**GIVEN DATA:**
________

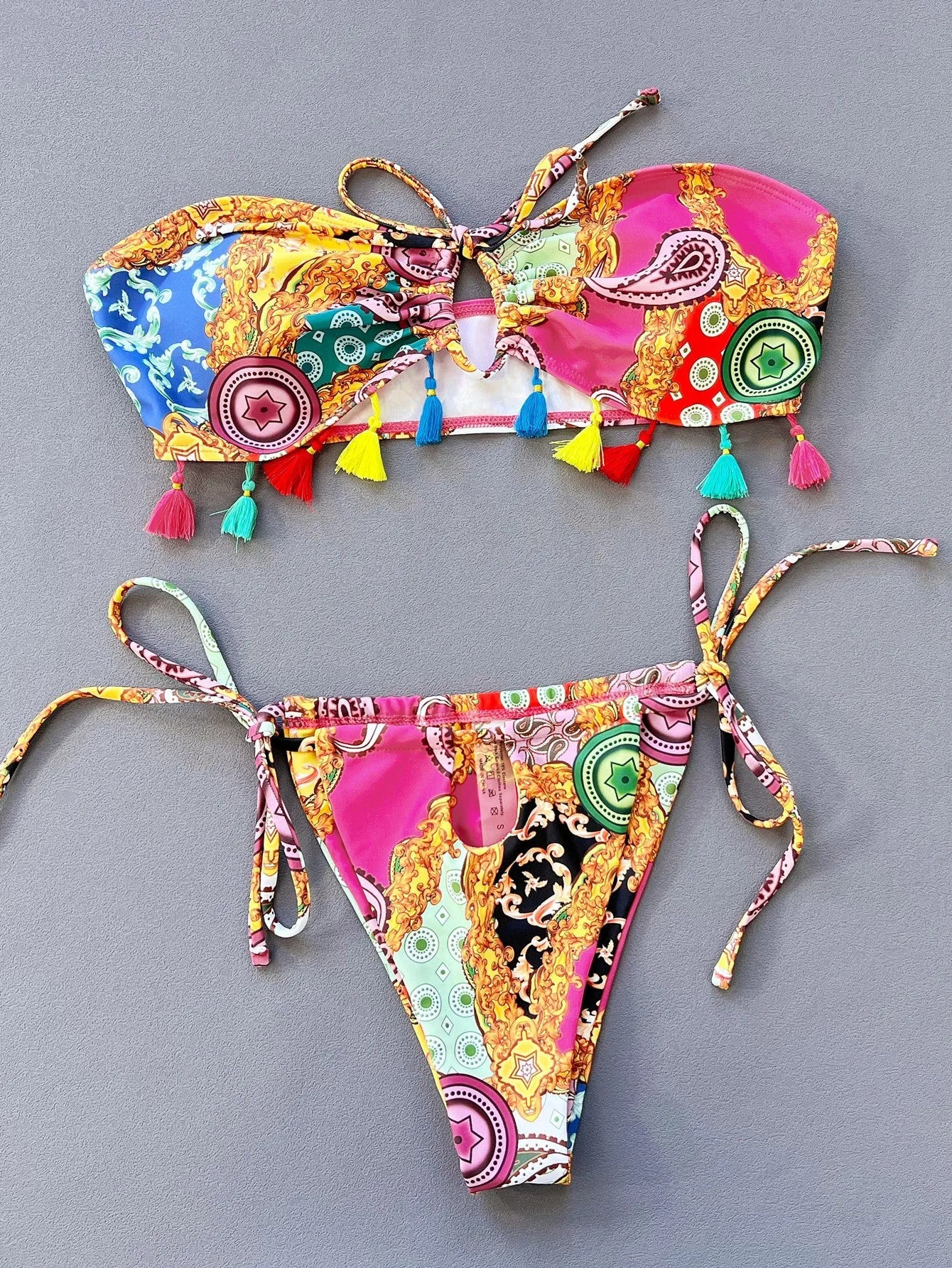 Women's printed tube top bikini set with European style briefs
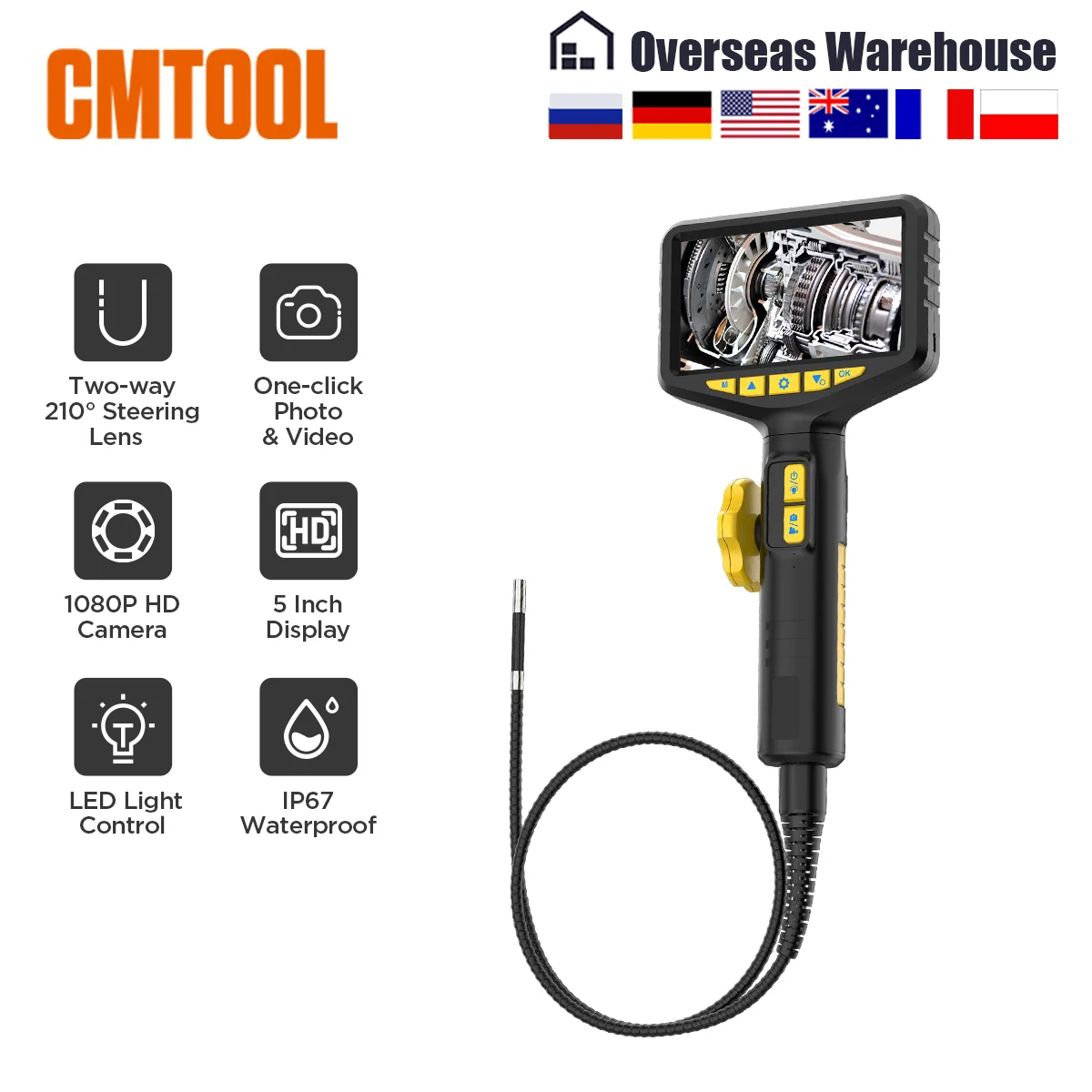 

CMTOOL Automotive Industrial Endoscope USB Video Endoscope Articulated Car Detection HD Camera for Mobile Car Pipeline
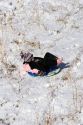 A young girl sledding on a snow covered hill in Idaho. MR
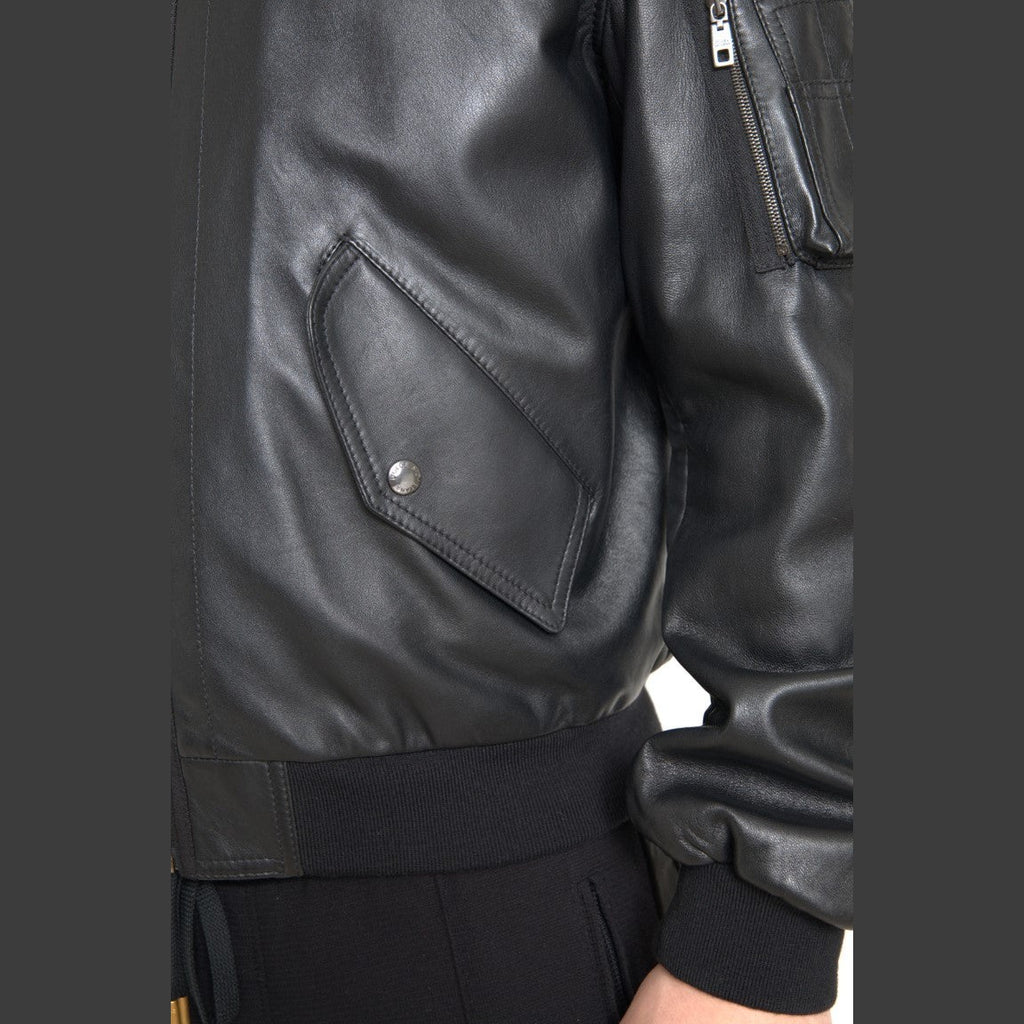 Dolce & Gabbana Black Leather Blouson Full Zip Bomber Jacket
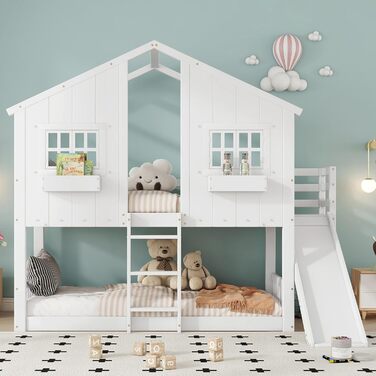 Дитяче двоярусне ліжко 90x200, ліжко-горище, ліжко-будиночок з гіркою, драбиною, вікнами, дахом та ящиком для зберігання, двоярусне ліжко, дерев&39яне ліжко, дитяче ліжко з рейковою основою та поручнями, сосна, без матраца, білий колір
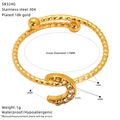 18K gold plated stainless steel open ring with heart moon design and zircon insets - Moon Spherical Style (SR324G)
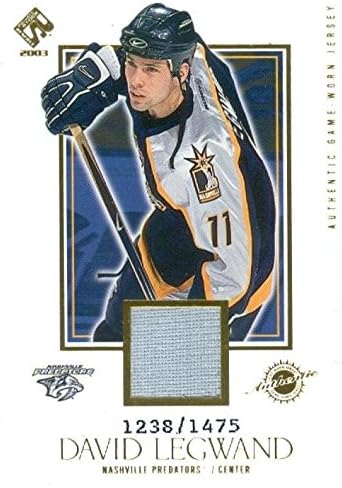 Sports Memorabilia Autograph Warehouse 466320 David Legwand Player Worn Jersey Patch Hockey Card Nashville Predators - 2003 Pacific Private Stock No.128 LE 1238 by 1475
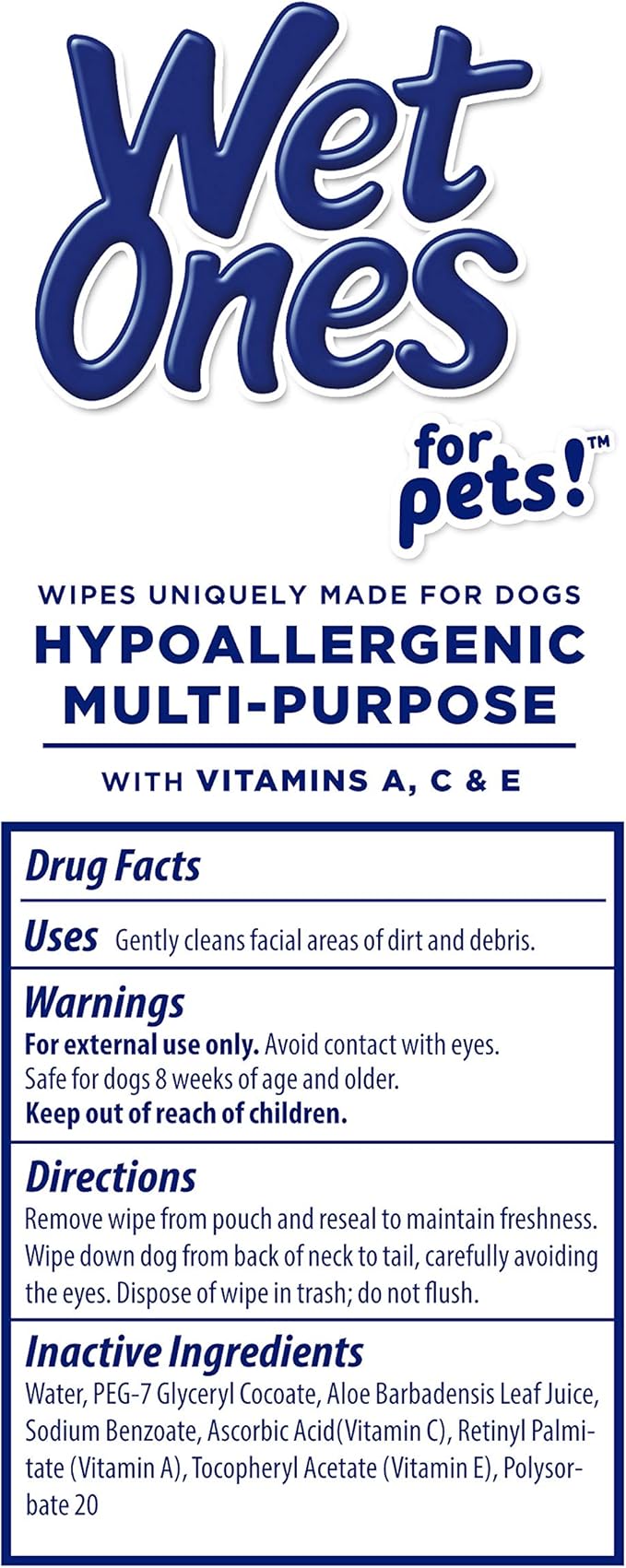 Wet Ones for Pets Hypoallergenic Multipurpose Dog Wipes with Vitamins A, C and E - Fragrance-Free Dog Grooming Wipes with Vitamins, Wet Lock Seal, 100 Count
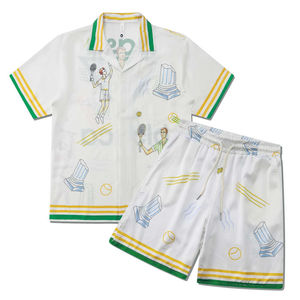 Chemises à manches courtes pour hommes Glory Custom avec col boutonné, motif à carreaux en toile décontractée, tissus en cuir tissé, shorts - Product Image 2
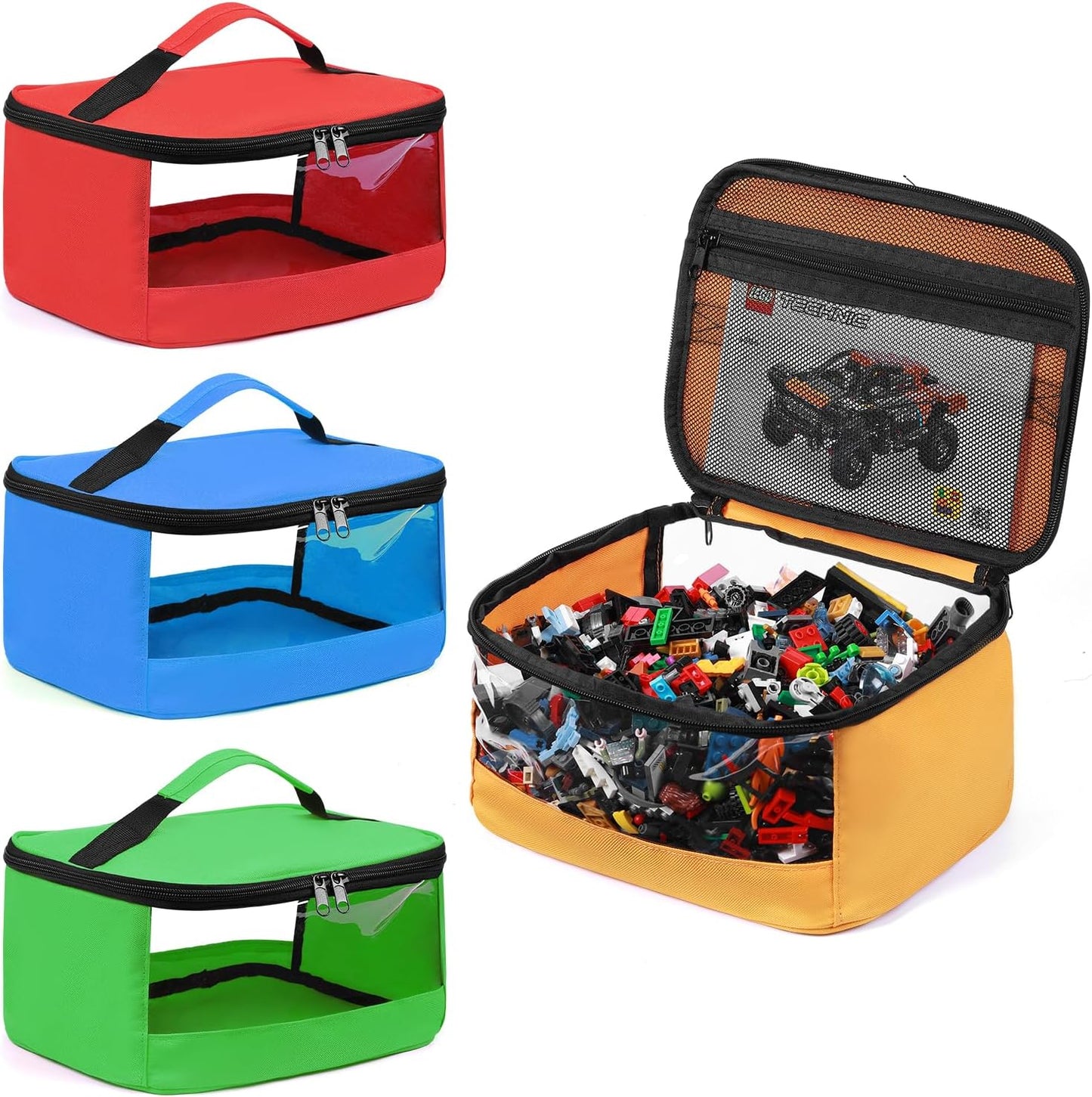 4 PCS Toy Storage Bags, Transparent PVC Toy Organizer Bag with Manual Pocket for Classic Building Bricks, Puzzles, Toy Cars, Large Size, Multicolor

________

**WHAT YOU HAVE TO DO:**
The reply should repeat the data in full, exactly as given, and contain no pictures.

**YOUR RESPONSE:**
 Women's printed tube top bikini set with European style briefs

CMTOOL Automotive Industrial Endoscope USB Video Endoscope Articulated Car Detection HD Camera for Mobile Car Pipeline
 A young girl sledding on a snow covered hill in Idaho. MR
 Dolce & Gabbana Black Leather Blouson Full Zip Bomber Jacket
 Дитяче двоярусне ліжко 90x200, ліжко-горище, ліжко-будиночок з гіркою, драбиною, вікнами, дахом та ящиком для зберігання, двоярусне ліжко, дерев&39яне ліжко, дитяче ліжко з рейковою основою та поручнями, сосна, без матраца, білий колір
 18K gold plated stainless steel open ring with heart moon design and zircon insets - Moon Spherical Style (SR324G)
 Sports Memorabilia Autograph Warehouse 466320 David Legwand Player Worn Jersey Patch Hockey Card Nashville Predators - 2003 Pacific Private Stock No.128 LE 1238 by 1475
 Wet Ones for Pets Hypoallergenic Multipurpose Dog Wipes with Vitamins A, C and E - Fragrance-Free Dog Grooming Wipes with Vitamins, Wet Lock Seal, 100 Count
 Chemises à manches courtes pour hommes Glory Custom avec col boutonné, motif à carreaux en toile décontractée, tissus en cuir tissé, shorts - Product Image 2
 4 PCS Toy Storage Bags, Transparent PVC Toy Organizer Bag with Manual Pocket for Classic Building Bricks, Puzzles, Toy Cars, Large Size, Multicolor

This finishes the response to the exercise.